As As I read and re-read the results of our recent McQuaig Global Talent Recruitment Survey, new insights and questions keep popping up. This week I was looking at what the responses from 450 HR professionals said about why new hires don’t work out. Some really interesting things came into focus regarding corporate culture and whether or not it matters. I want to share my thoughts and I’d love to hear what you think.
First, here are the numbers: In a weighted average, our survey showed that HR professionals think about 12% of new hires don’t complete their first year with a company. On the extreme end of the scale, 12% of those respondents said that they think that 1/3 or more don’t make it to their first anniversary.
Of course, then you start to wonder why are all these new hires that you worked so hard to recruit, not sticking around?
We asked about that, too.
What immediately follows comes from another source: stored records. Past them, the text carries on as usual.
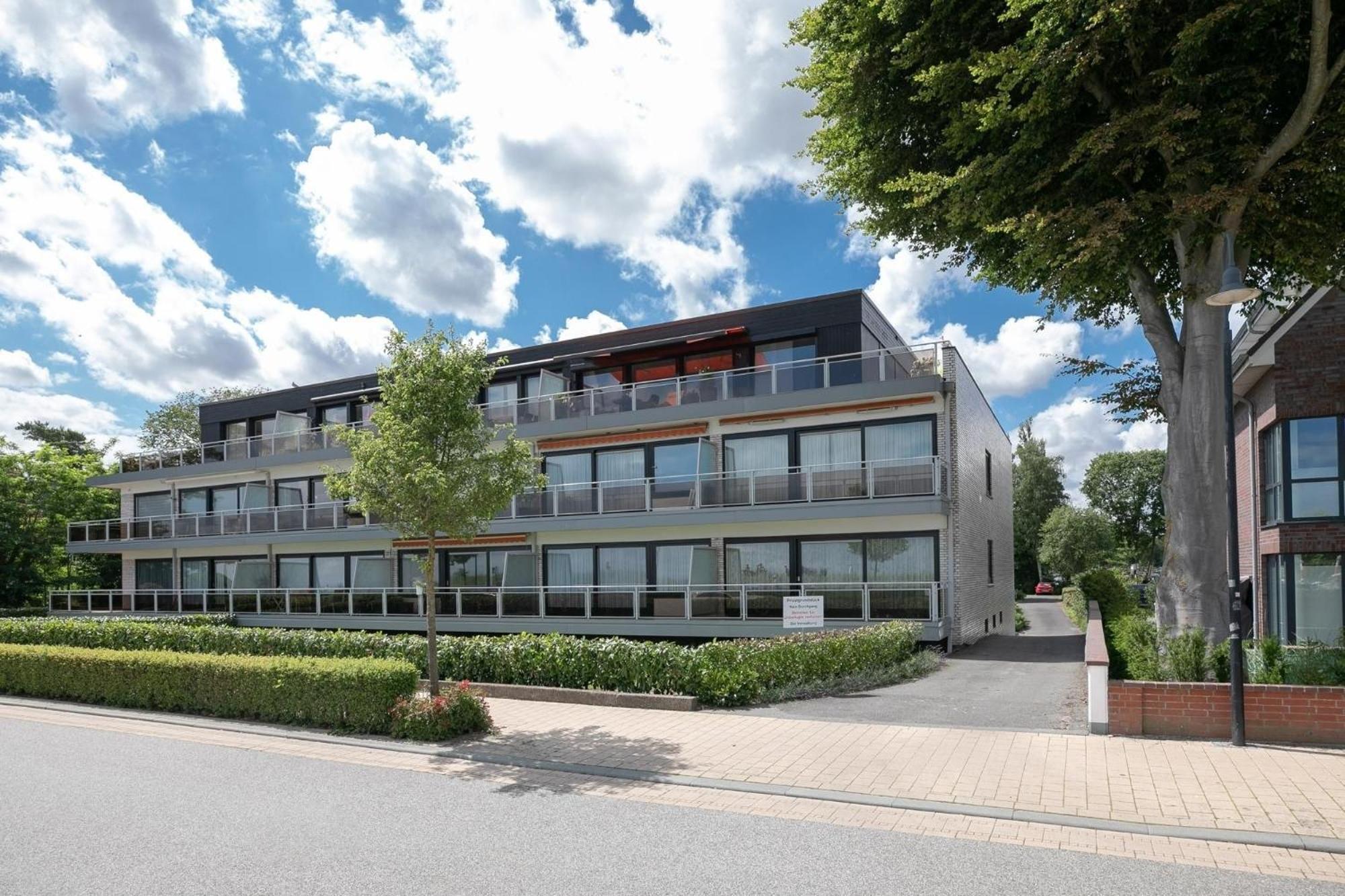 Haus Bellevue Moewensuite Scharbeutz Buitenkant foto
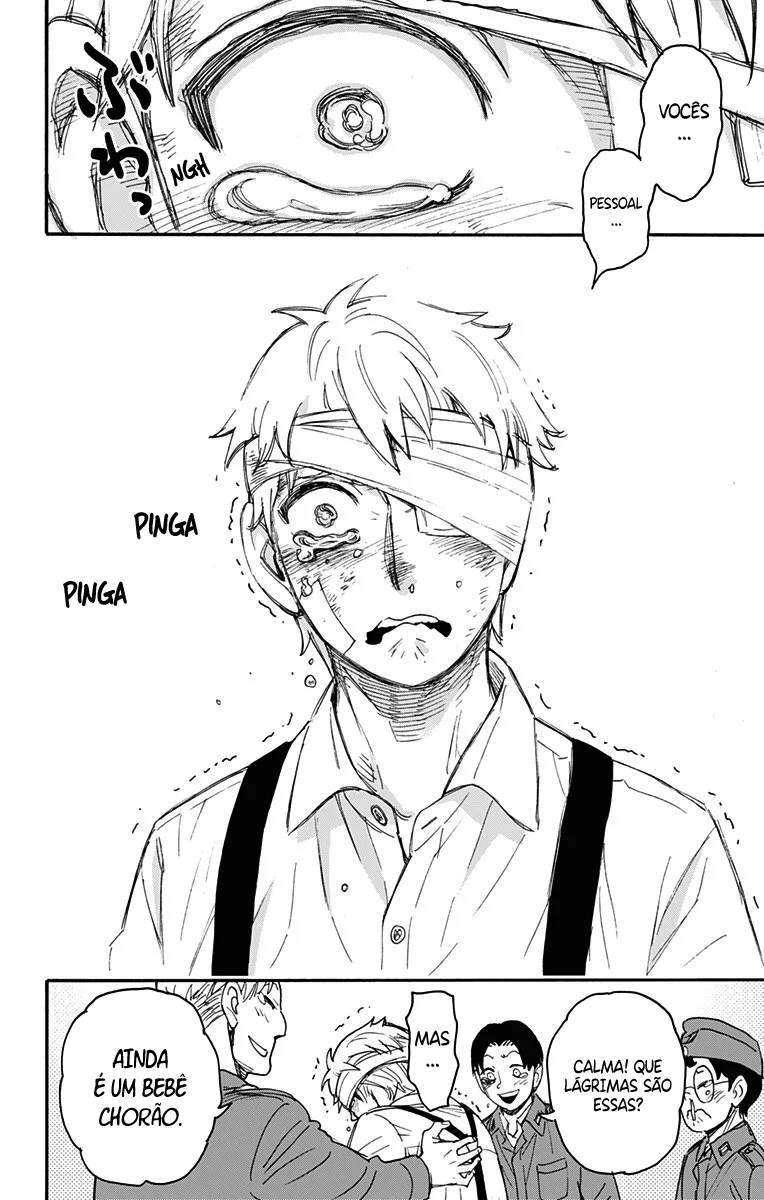 Read SPY x FAMILY Português Manga Online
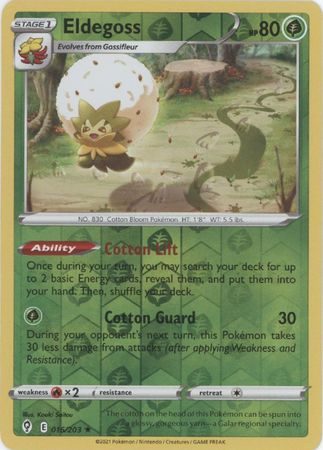 Eldegoss - 16/203 - Reverse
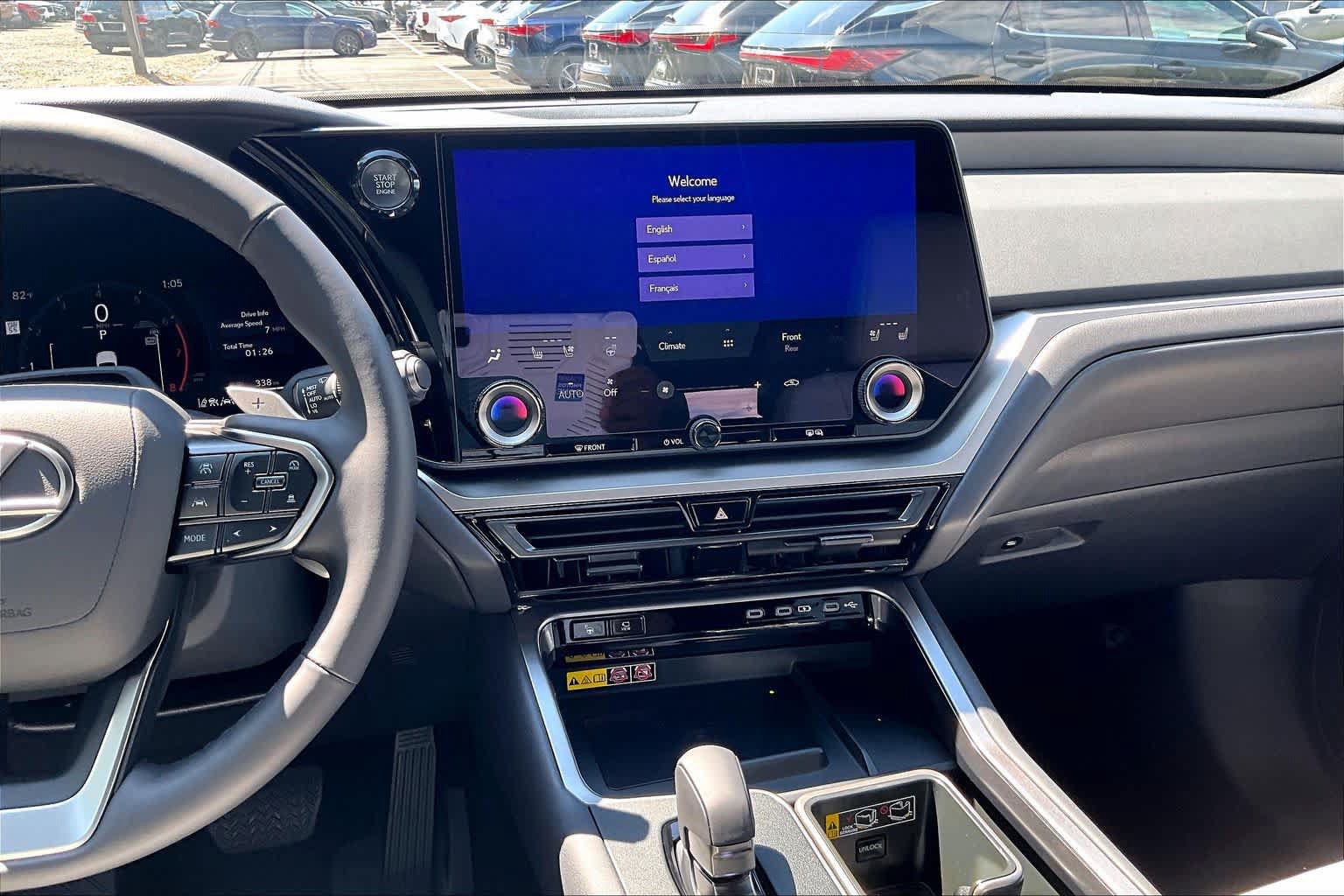 New 2026 Lexus TX 350 AWD image 7
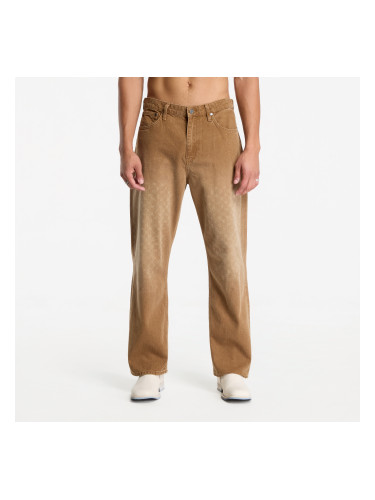Дънки Daily Paper Faded Monogram Amba Jeans Beige S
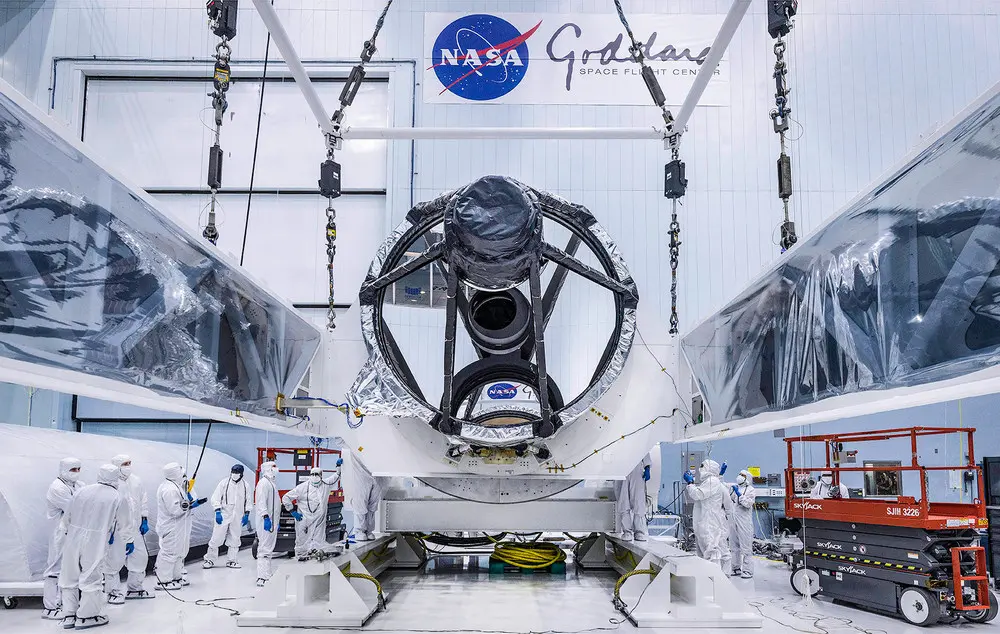 NASA - Nancy Grace Roman Space Telescope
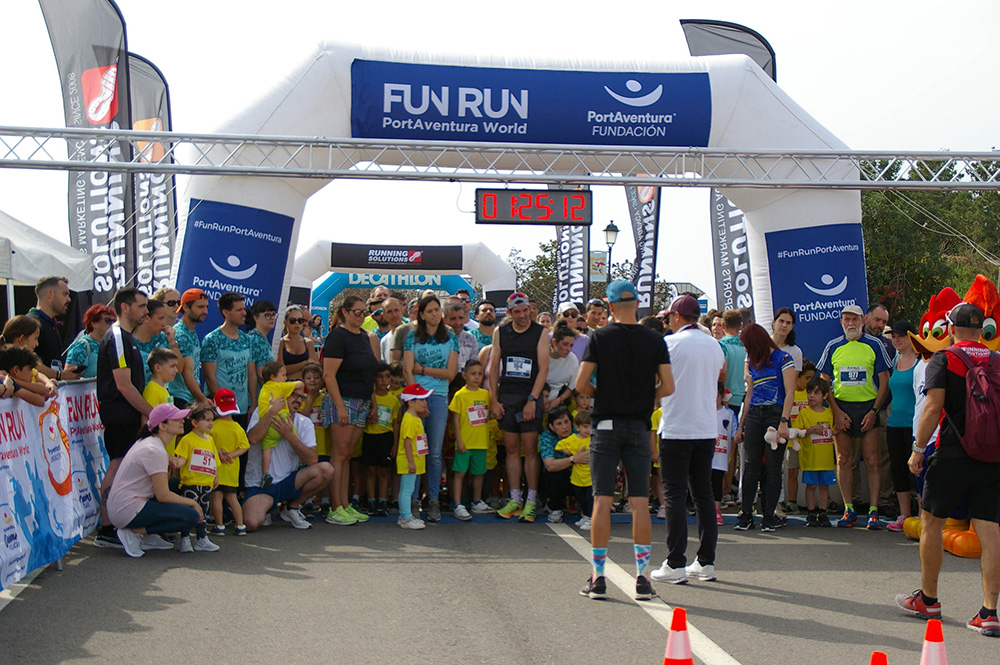 fun run portaventura 2023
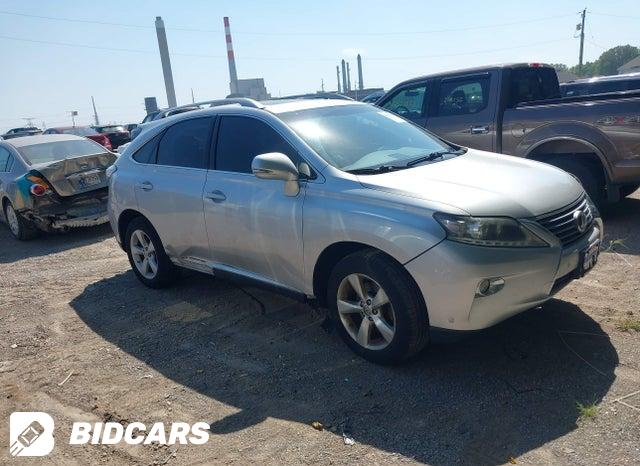 2T2BK1BA3DC221646 2013 Lexus RX photo no. 1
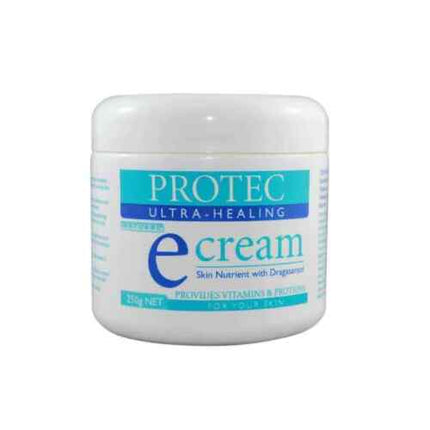 Protec Ultra Healing Natural Vitamin E Cream 250g - OhYouLuckyDuck.com.au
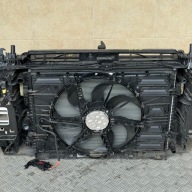 support panel for radiators complete radiator AUDI Q3 83A 1.5 TFSI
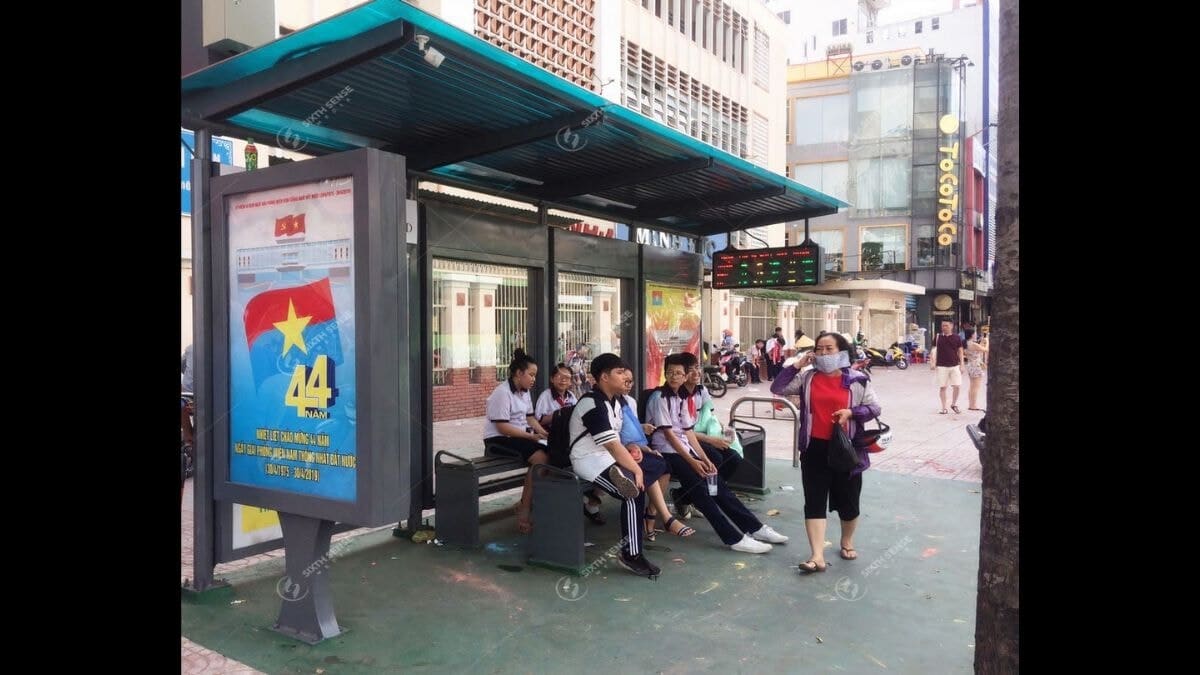 Các Hình Thức Quảng Cáo Xe Bus Hồ Chí Minh- Quảng Cáo Nhà Chờ Xe Bus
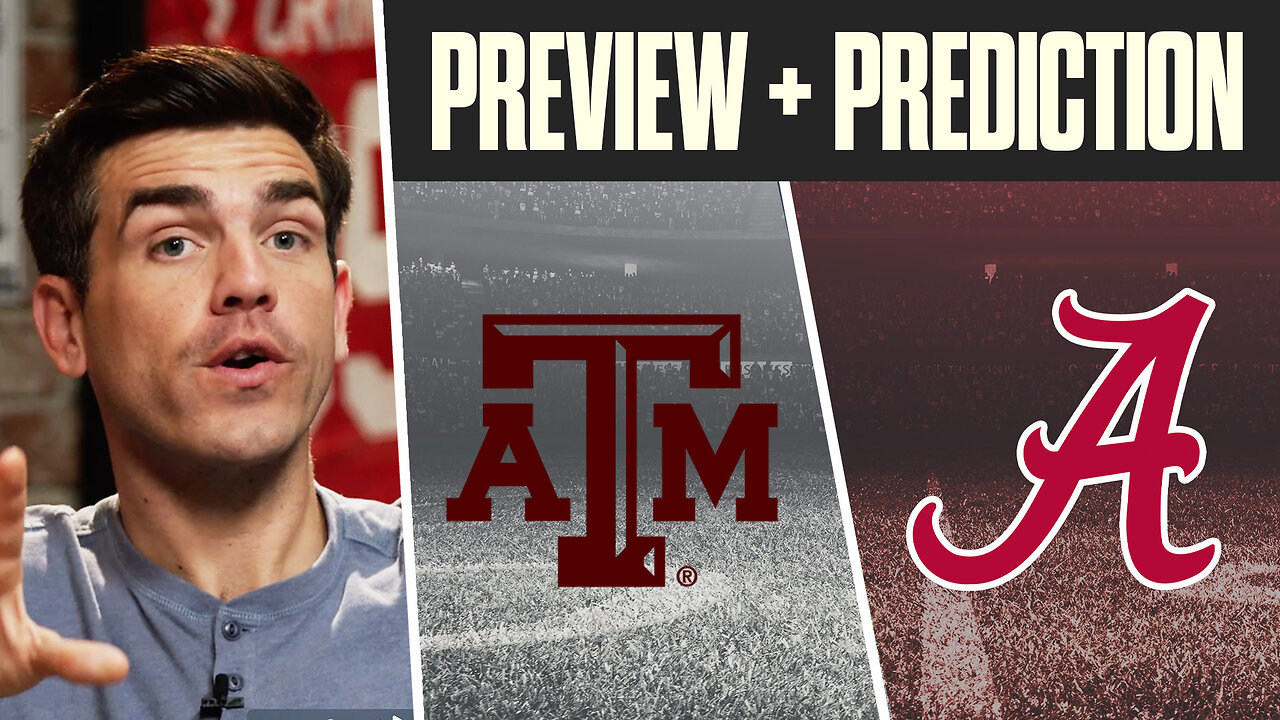 Alabama Texas A&M Preview, Prediction & Bet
As you can see by the chart the overwhelming majority (58%) said it was because of an “attitude/personality not suited to the role.” The next biggest reason was lack of skills, way down at 22% and it dropped off a cliff after that.
I’m sure you’ve heard a version of the saying “hire for skills and fire for attitude.” I know I’ve heard about a dozen variations of that over the years, and it seems to bear out.
When you look at the results of this question you also see “other” accounting for 10% of responses. I looked into what those other reasons were, and almost half of those were related to a lack of fit with corporate culture.
That jumped out at me because elsewhere in the survey, 65% of respondents told us they have a hard time finding a cultural fit when recruiting. That’s a 14% increase over that same result in 2014. Now we’re getting to a piece that really makes me wonder and worry.
The survey results made it pretty clear that we’re either in, or heading into, a tight talent market. This is backed up by reports from the Conference Board and others. Here’s why I think it’s important to connect these results, and the danger they hint at.
I think – and this is my opinion, so let me know if you disagree – that fit with corporate culture is likely to be thrown over if it comes up against finding the right skills. Despite all the catch phrases and studies that suggest character, cultural fit, and personality are more important than skills because skills can be taught, most HR people I speak to admit that their hiring managers more often pick skills over fit if they can’t get both.
If we’re in a tightening labor market and companies are struggling to hire, corporate culture could end up de-prioritized in the hunt to win the war for talent.
That could be short-sighted, though. Remember that personality/attitude was the run-away leader in terms of the reason new hires don’t work out. Cultural fit ended up accounting for about 5% on write-in responses. Those instances where new hires who fail due to personality conflict or attitude problems may be developing because they were a poor cultural fit.
It will be interesting to watch and see what happens as this talent crunch evolves. What do you think? Will organizations discard cultural fit during the talent shortage? And what does that mean for the future of organizations? Please share your thoughts.